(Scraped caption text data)

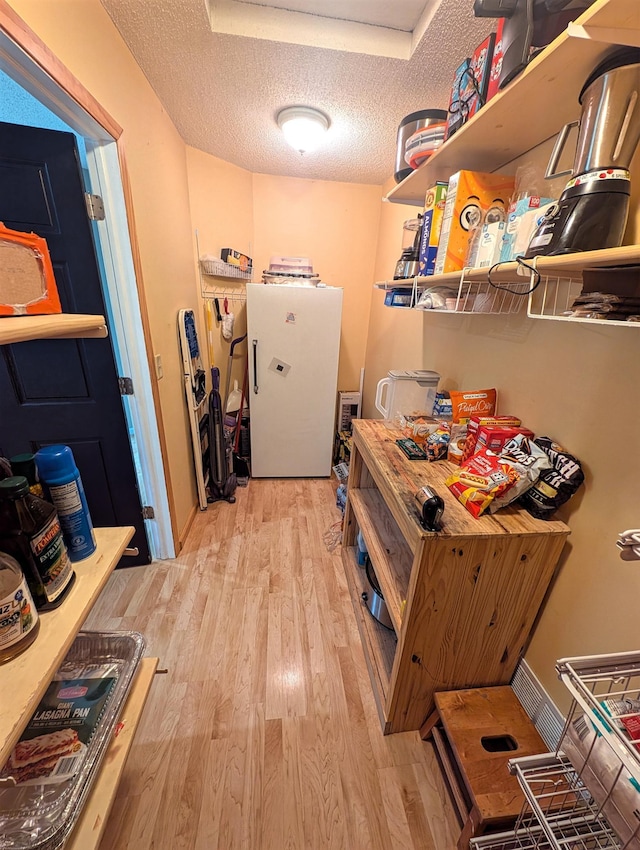 laundry area with light wood-style floors and a textured ceiling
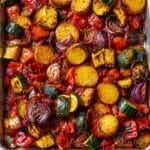 Golden Greek roasted vegetables in a sheet pan briam style.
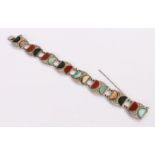 Scottish agate set bracelet, with a row or semi circular agates to the white metal links, 19.5cm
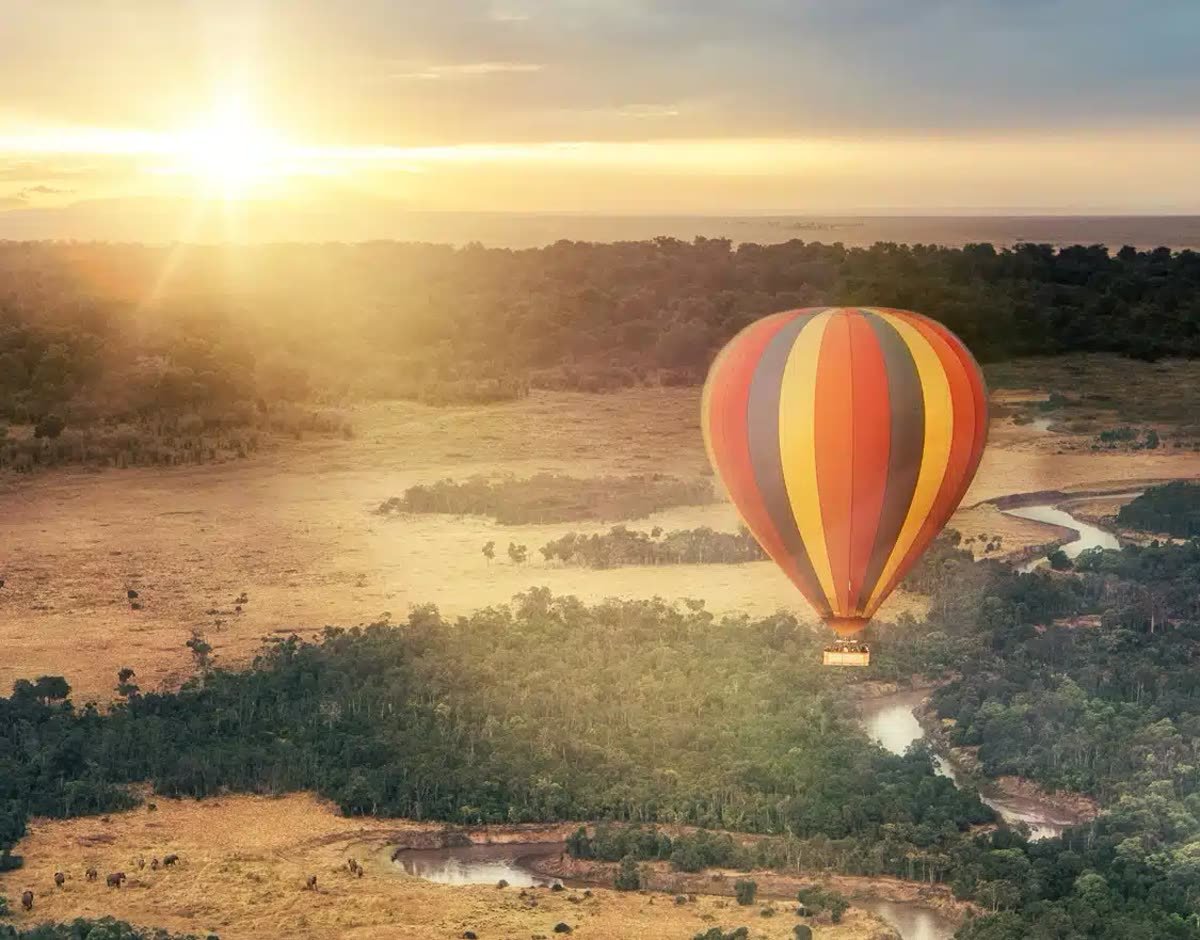 A balloon drifting over the landscape at sunrise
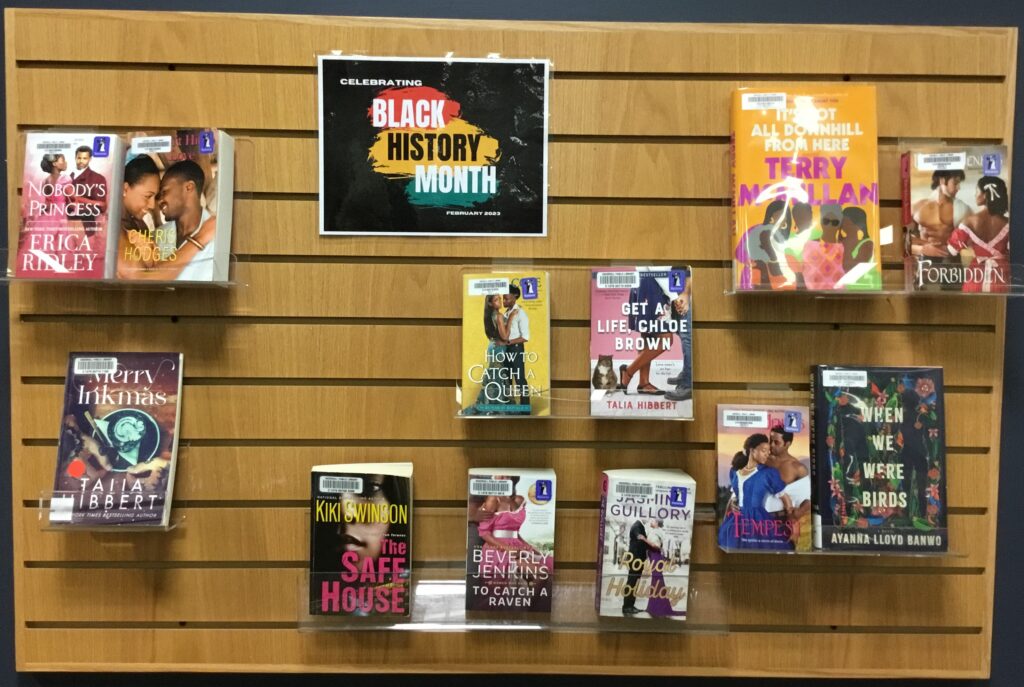 Plastic shelves hanging on wall containing books. Sign at top states "Celebrating Black History Month: February 2023."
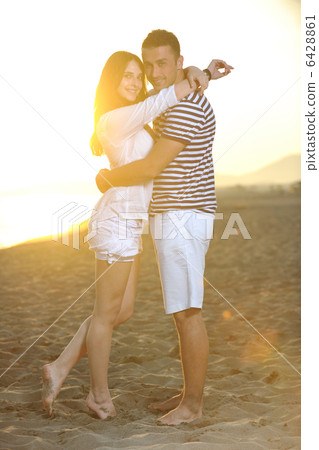 happy young couple have romantic time on beach 6428861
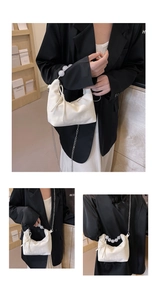 Detail of white satin cloud bag with clear beaded handle and metal chain strap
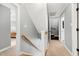 Upstairs hallway showcasing access to various rooms and carpeted floors at 112 Hartland Ct, Raleigh, NC 27614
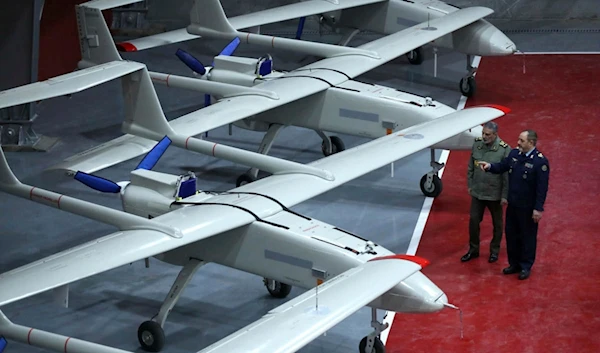 Iranian Defense Minister Gen. Aziz Nasirzadeh, right, speaks with the army commander Gen. Abdolrahim Mousavi in a ceremony to deliver domestically-built drones to the army on . (Iranian Army via AP)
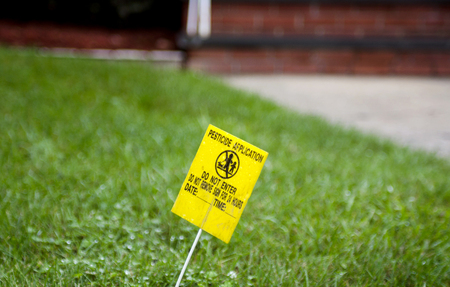 Yellow Pesticide Application Warning Sign On Green Grassの写真素材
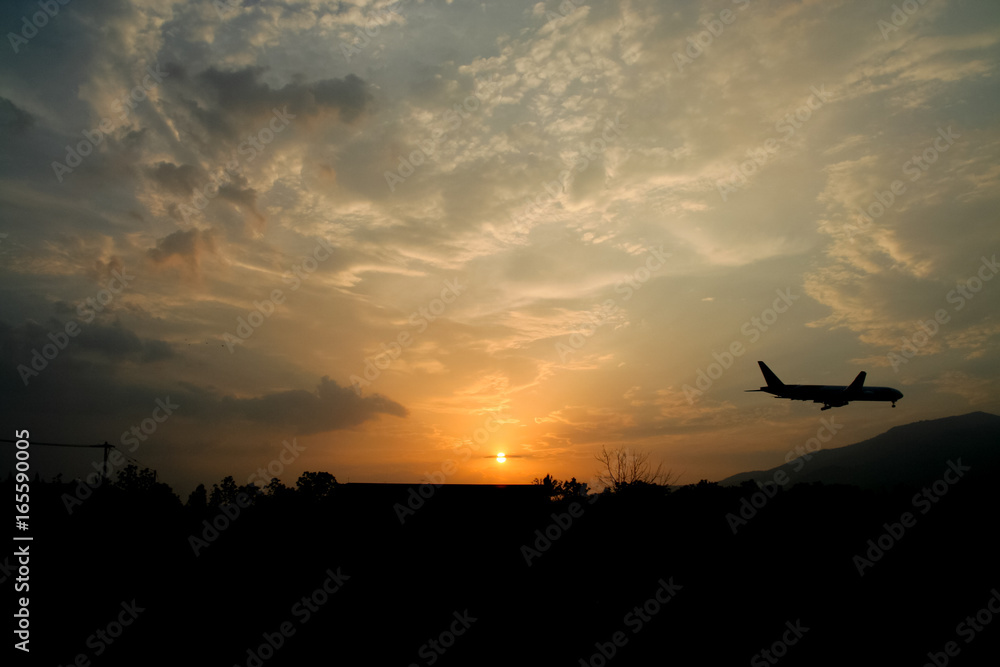 Airplane Landing with Yellow sky sunset background Airplane Landing with Yellow sky sunset background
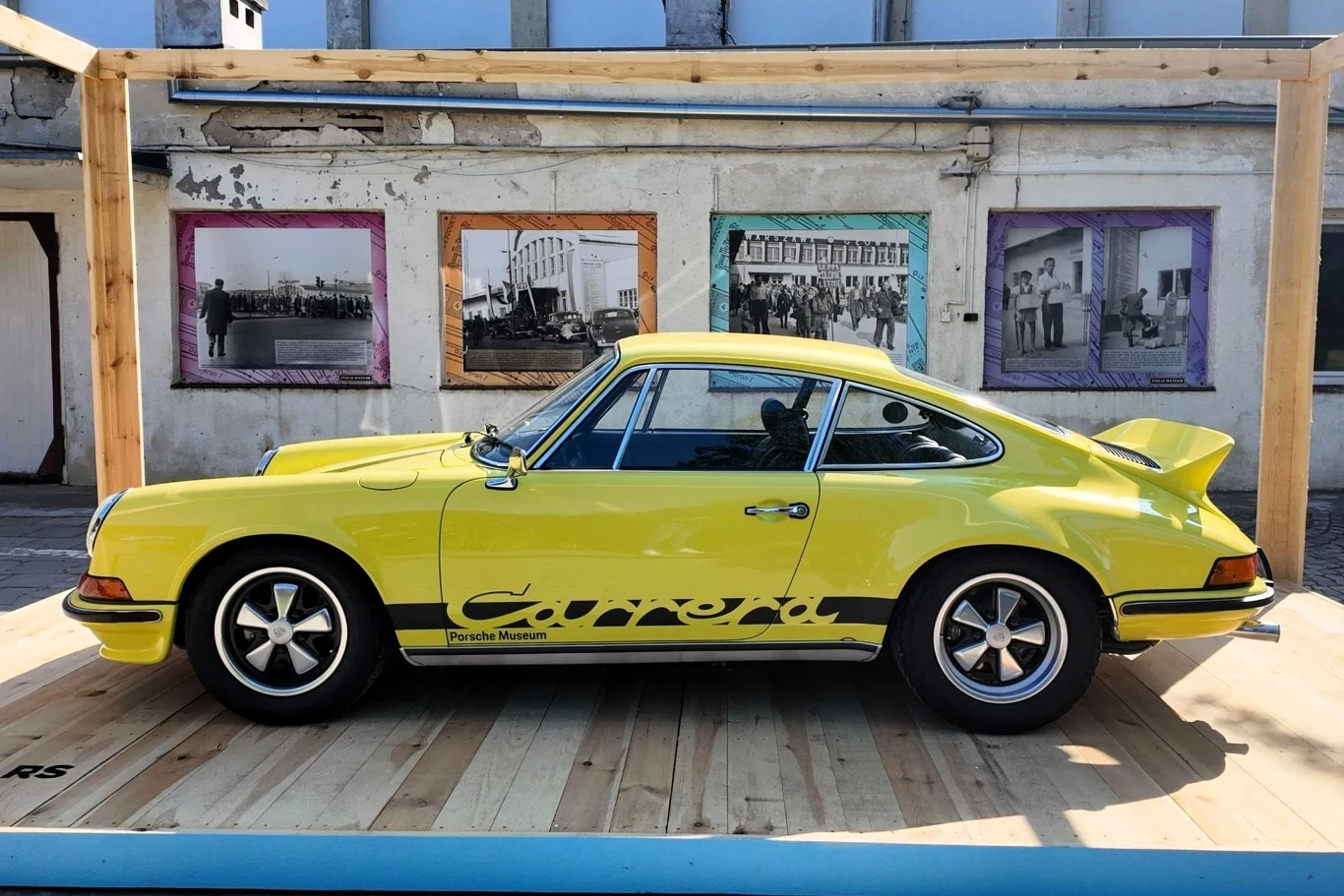 Żółty klasyczny samochód Porsche Carrera RS zaparkowany na drewnianym podeście, w tle ściana z czarno-białymi fotografiami w kolorowych ramach.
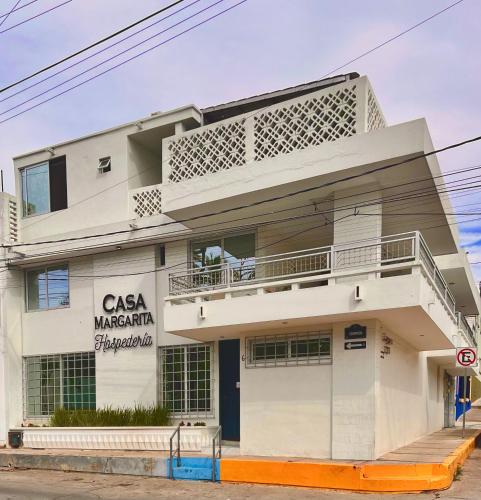 a white building with a sign on it at Hosteleria Casa Margarita in Mazatlán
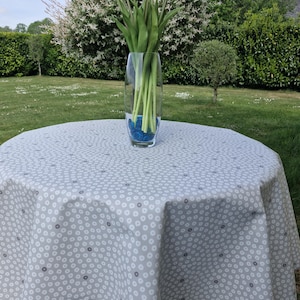 Pode incluir: Uma toalha de mesa redonda cinza claro com um padrão de pontos brancos e cinza escuro cobre uma mesa. Um vaso de vidro transparente cheio de tulipas coloridas e contas decorativas azuis está sobre a mesa, com um gramado verde e folhagem ao fundo.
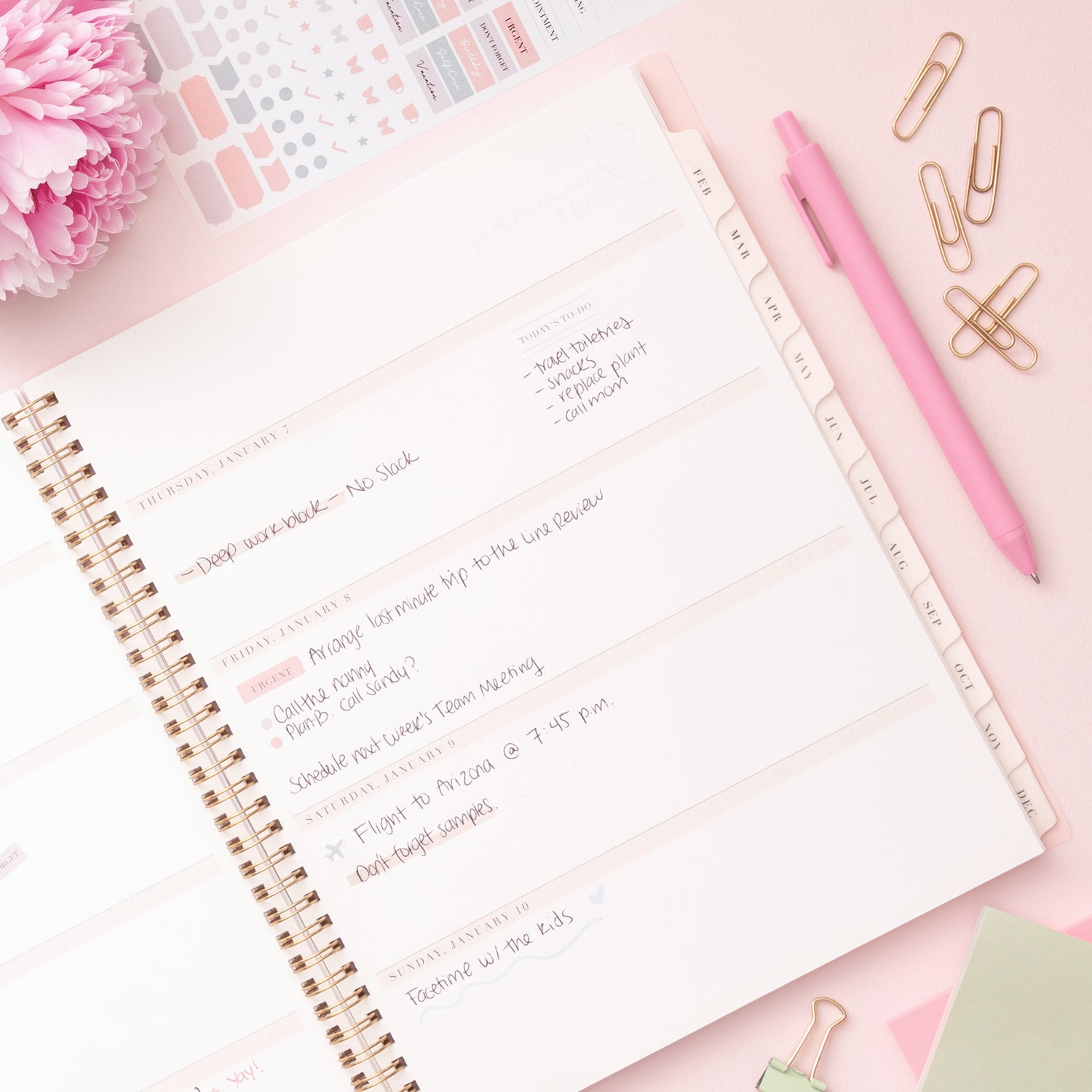 2027 weekly spread features ample open blank writing space for to do lists, notes section, reference calendars, bullet points, and monthly tabs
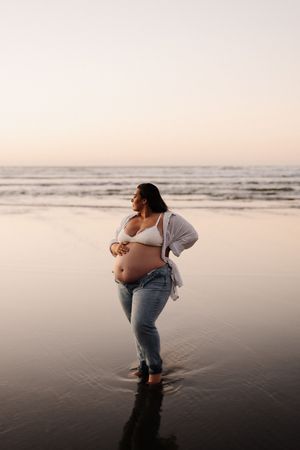 Expectant person standing barefoot in wet sand at beach during golden hour.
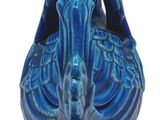 a blue vase with a bird on it on a white background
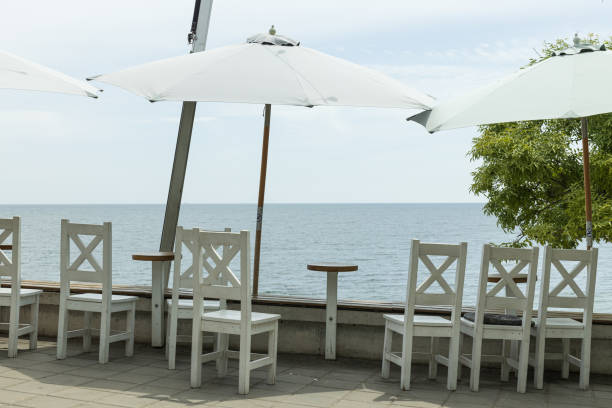 Tables with umbrellas on the beach, cafes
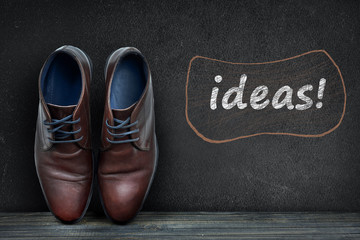 Idea text on black board and business shoes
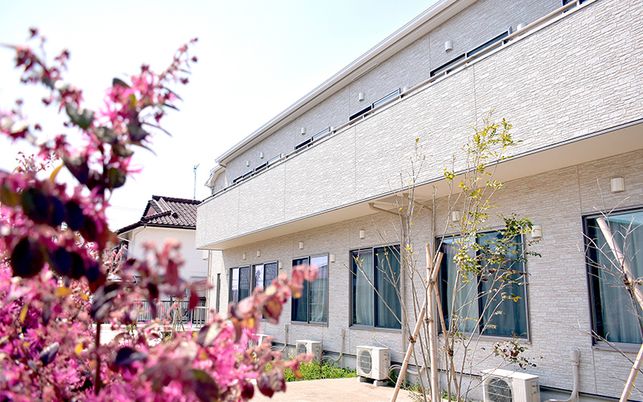 ２階建ての建物は日当たりのいい場所に建っている。外壁はベージュで2階部分にはベランダが付いている。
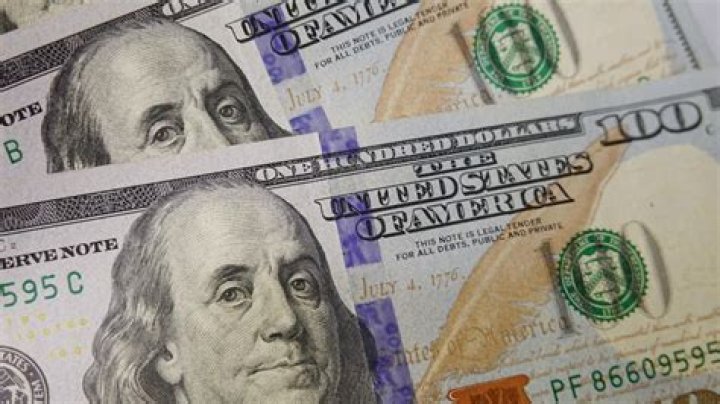 US dollar hits new 20-month high, tops 85 yen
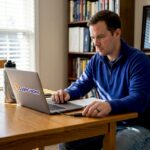 Man starting a secure crypto transaction at desk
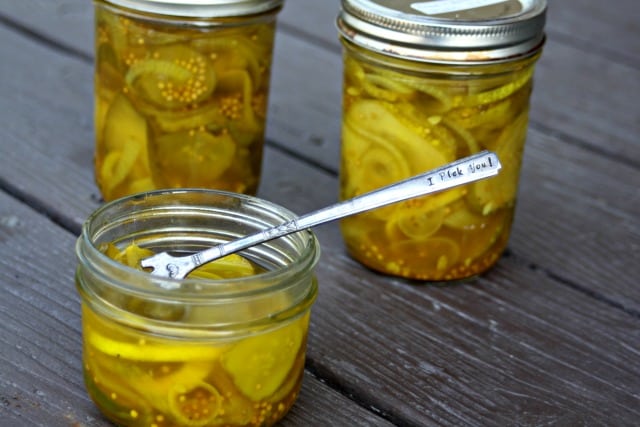 An open jar of bread and butter pickles with a pickle fork stuck inside sitting in front of 2 sealed jars of pickles.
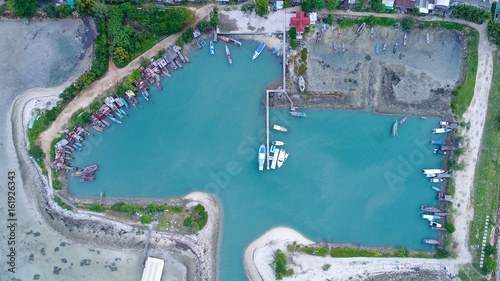 Aerial view of fisherman village marina on the tropical island  © Nopporn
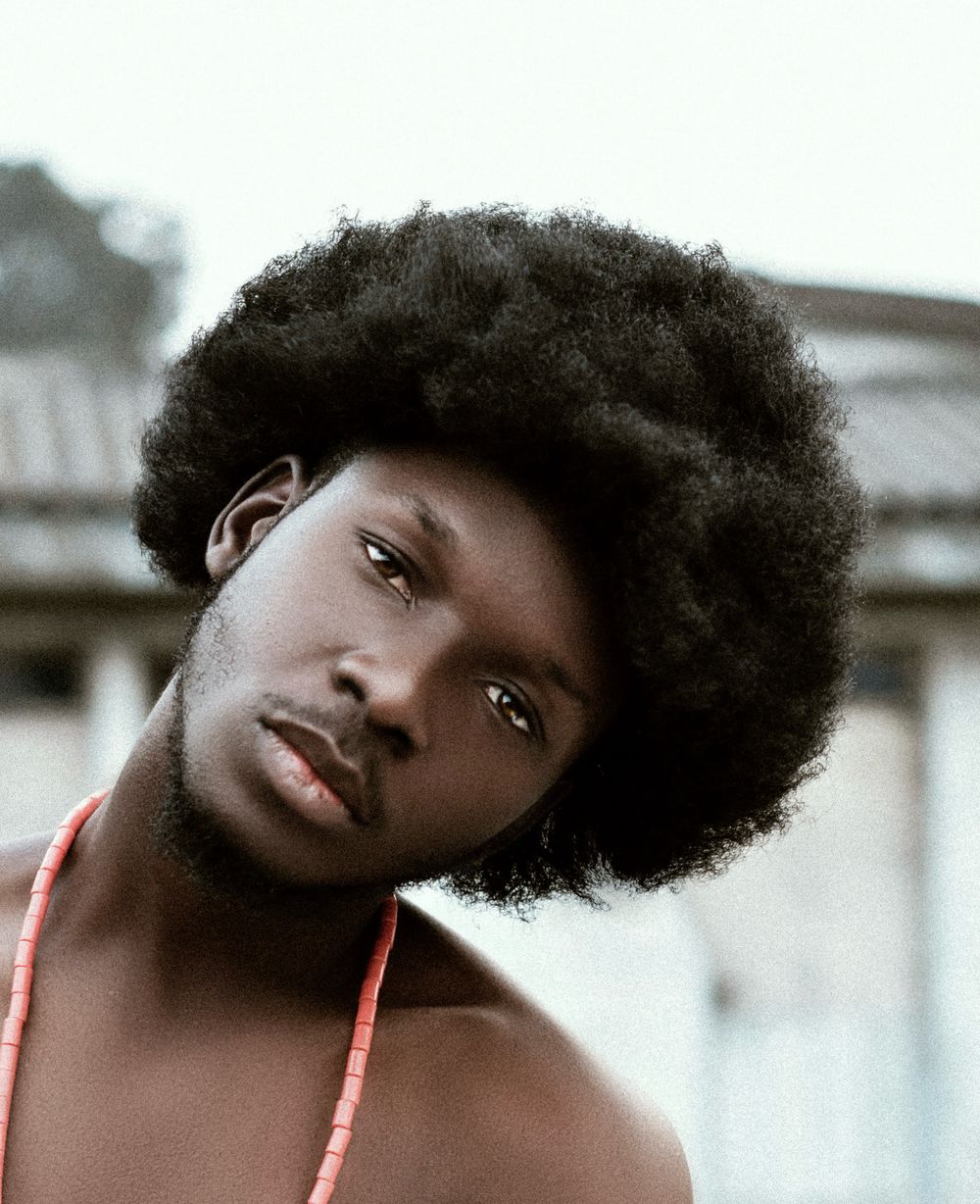 young man with tall afro hairstyle outdoors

Required work:
Each of the entries above must be output exactly, with none of the pictures.

Response for this exercise:
 laundry area with light wood-style floors and a textured ceiling
 Golden Greek roasted vegetables in a sheet pan briam style.
 Scottish agate set bracelet, with a row or semi circular agates to the white metal links, 19.5cm
 A balloon drifting over the landscape at sunrise
 Plastic shelves hanging on wall containing books. Sign at top states "Celebrating Black History Month: February 2023."
 happy young couple have romantic time on beach 6428861
 Detail of white satin cloud bag with clear beaded handle and metal chain strap
 Upstairs hallway showcasing access to various rooms and carpeted floors at 112 Hartland Ct, Raleigh, NC 27614
 Iranian Defense Minister Gen. Aziz Nasirzadeh, right, speaks with the army commander Gen. Abdolrahim Mousavi in a ceremony to deliver domestically-built drones to the army on . (Iranian Army via AP)
 Yellow Pesticide Application Warning Sign On Green Grassの写真素材
 Airplane Landing with Yellow sky sunset background Airplane Landing with Yellow sky sunset background
 Żółty klasyczny samochód Porsche Carrera RS zaparkowany na drewnianym podeście, w tle ściana z czarno-białymi fotografiami w kolorowych ramach.
 a white building with a sign on it at Hosteleria Casa Margarita in Mazatlán
 Pode incluir: Uma toalha de mesa redonda cinza claro com um padrão de pontos brancos e cinza escuro cobre uma mesa. Um vaso de vidro transparente cheio de tulipas coloridas e contas decorativas azuis está sobre a mesa, com um gramado verde e folhagem ao fundo.
 2027 weekly spread features ample open blank writing space for to do lists, notes section, reference calendars, bullet points, and monthly tabs
 Expectant person standing barefoot in wet sand at beach during golden hour.
 a blue vase with a bird on it on a white background
 Tables with umbrellas on the beach, cafes
 Idea text on black board and business shoes
 ２階建ての建物は日当たりのいい場所に建っている。外壁はベージュで2階部分にはベランダが付いている。
 US dollar hits new 20-month high, tops 85 yen
 Man starting a secure crypto transaction at desk
 An open jar of bread and butter pickles with a pickle fork stuck inside sitting in front of 2 sealed jars of pickles.
 Aerial view of fisherman village marina on the tropical island  © Nopporn
 young man with tall afro hairstyle outdoors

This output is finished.